Does that make us a representation of adolescence that needs adult supervision – like Uncle Sam’s? And it is manifested in our failure in self-government? The evidence?

The rest of the world are in awe of our neighbors, the Asian tigers. And while we claim we have the longer experience in self-government, we are the regional laggard! Why haven’t we benchmarked and learned from the Asian tigers?

Benchmarking is about picking and choosing best practices, not the expectation of perfection – which we want to see in our neighbors? Benchmarking doesn’t work when the mindset is fixed as it does with a growth mindset. Benchmarking doesn’t work when the mindset is fixed as it does with a growth mindset.

And a Filipino educator’s comment to the writer would reveal how we keep shooting ourselves in the foot.

“That practice I just discussed has no Philippine example and so it would be a hard sell. It is not uncommon for us in the academic community to hear: has anyone tried that in the Philippines yet?”
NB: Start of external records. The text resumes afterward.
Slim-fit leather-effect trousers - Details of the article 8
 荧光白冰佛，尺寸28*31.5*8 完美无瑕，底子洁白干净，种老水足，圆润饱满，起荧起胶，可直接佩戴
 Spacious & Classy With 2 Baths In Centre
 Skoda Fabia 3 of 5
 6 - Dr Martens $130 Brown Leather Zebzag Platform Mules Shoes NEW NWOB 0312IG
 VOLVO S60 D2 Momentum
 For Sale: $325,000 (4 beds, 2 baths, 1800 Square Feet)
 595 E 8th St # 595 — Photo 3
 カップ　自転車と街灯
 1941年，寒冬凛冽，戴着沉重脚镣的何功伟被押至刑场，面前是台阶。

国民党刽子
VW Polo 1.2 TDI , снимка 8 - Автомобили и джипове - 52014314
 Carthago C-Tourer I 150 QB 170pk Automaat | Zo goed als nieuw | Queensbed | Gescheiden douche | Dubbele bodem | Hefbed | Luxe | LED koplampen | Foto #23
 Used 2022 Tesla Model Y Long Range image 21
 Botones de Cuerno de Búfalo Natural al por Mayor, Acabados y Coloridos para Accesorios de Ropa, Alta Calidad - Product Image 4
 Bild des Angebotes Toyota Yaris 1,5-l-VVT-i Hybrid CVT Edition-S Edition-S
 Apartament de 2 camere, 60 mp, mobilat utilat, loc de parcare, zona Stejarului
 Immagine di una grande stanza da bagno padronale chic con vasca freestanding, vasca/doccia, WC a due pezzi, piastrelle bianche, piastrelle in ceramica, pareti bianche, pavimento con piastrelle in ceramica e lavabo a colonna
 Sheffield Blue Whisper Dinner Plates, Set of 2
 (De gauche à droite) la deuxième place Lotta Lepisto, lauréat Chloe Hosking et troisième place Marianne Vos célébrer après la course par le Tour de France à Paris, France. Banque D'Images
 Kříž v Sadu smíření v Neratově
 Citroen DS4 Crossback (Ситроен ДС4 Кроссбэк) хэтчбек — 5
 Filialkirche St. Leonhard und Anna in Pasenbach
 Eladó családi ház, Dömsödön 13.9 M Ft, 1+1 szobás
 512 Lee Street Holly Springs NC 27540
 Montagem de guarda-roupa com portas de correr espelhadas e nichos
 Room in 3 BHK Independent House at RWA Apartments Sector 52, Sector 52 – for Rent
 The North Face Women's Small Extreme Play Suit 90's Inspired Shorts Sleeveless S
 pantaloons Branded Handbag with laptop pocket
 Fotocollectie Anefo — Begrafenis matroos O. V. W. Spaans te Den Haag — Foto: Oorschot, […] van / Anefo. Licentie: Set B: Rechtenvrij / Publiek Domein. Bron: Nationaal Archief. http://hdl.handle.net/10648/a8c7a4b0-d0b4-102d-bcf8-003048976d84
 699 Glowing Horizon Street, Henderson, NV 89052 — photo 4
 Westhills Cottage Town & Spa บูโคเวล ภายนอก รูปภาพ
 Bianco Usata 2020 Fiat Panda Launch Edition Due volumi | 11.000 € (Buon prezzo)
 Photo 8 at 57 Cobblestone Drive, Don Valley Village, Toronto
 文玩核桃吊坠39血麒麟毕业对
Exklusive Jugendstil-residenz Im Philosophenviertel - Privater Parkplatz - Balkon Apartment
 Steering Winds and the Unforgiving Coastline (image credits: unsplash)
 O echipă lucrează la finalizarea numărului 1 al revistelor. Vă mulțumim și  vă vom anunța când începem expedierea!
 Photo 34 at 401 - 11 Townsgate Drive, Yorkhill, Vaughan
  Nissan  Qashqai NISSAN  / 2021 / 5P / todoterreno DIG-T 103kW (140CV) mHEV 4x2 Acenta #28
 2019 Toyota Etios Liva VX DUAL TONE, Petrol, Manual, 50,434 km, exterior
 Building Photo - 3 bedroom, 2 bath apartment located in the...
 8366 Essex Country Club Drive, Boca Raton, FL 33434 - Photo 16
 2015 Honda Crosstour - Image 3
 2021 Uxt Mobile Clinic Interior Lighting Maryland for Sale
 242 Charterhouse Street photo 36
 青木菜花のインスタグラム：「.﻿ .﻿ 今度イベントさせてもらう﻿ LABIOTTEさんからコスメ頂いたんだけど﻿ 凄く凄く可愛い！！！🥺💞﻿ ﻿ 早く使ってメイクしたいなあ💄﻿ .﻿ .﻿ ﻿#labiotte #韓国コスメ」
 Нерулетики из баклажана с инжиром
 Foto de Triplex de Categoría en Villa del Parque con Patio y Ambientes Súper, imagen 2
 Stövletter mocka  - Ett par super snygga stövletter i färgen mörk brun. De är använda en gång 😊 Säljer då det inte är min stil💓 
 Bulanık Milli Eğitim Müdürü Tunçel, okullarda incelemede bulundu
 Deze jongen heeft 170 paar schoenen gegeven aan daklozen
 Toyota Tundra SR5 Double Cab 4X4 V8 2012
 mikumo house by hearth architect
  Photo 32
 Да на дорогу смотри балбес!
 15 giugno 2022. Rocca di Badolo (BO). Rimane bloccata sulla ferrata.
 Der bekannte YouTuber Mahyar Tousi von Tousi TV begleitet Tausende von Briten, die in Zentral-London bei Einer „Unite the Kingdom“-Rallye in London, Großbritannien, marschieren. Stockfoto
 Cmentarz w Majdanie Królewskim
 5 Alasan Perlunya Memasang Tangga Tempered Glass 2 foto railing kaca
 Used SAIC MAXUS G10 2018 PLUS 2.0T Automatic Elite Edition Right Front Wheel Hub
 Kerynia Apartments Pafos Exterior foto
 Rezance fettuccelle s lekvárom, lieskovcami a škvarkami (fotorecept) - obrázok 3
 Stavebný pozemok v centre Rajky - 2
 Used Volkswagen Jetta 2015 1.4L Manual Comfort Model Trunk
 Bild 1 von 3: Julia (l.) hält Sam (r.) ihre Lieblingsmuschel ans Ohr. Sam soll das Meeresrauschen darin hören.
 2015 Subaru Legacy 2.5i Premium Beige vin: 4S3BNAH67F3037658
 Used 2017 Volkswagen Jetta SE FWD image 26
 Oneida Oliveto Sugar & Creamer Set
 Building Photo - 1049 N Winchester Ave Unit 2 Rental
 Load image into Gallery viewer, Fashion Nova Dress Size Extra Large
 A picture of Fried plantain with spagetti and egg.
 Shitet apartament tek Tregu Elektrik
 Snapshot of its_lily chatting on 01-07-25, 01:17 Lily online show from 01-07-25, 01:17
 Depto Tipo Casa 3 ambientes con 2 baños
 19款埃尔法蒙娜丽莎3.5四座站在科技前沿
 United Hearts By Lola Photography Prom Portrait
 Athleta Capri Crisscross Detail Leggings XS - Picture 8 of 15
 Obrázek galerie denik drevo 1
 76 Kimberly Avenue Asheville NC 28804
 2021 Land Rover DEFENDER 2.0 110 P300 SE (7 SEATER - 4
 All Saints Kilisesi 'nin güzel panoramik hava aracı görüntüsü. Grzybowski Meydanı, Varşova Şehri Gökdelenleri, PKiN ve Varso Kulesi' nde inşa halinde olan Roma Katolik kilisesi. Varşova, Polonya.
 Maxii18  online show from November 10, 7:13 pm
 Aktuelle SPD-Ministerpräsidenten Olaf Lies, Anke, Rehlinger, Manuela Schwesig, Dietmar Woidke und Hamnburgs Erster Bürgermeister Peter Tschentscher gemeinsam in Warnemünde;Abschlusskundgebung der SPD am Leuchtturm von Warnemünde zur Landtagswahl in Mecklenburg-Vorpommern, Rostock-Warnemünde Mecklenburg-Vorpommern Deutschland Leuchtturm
Does it explain why we haven’t done much of the good stuff our neighbors have done? If we can’t toss our parochial mindset, biases and values – i.e., hierarchy over an egalitarian ethos, political patronage over good governance, and oligarchy over a competitive economy – should we remind ourselves how Einstein defined insanity? It is worse than simply being an adolescent.

Are we outraged yet? That we've allowed Juan de la Cruz to be so vulnerable that we need the adult supervision of an Uncle Sam? Yet like the Asian tigers, Uncle Sam isn't perfect.

That is why there is evolution and extinction and survival of the fittest. It is not the strongest or the most intelligent that survives, but the most adaptable to change. We Pinoys are on a very slippery slope? We have to wake up from the stupor!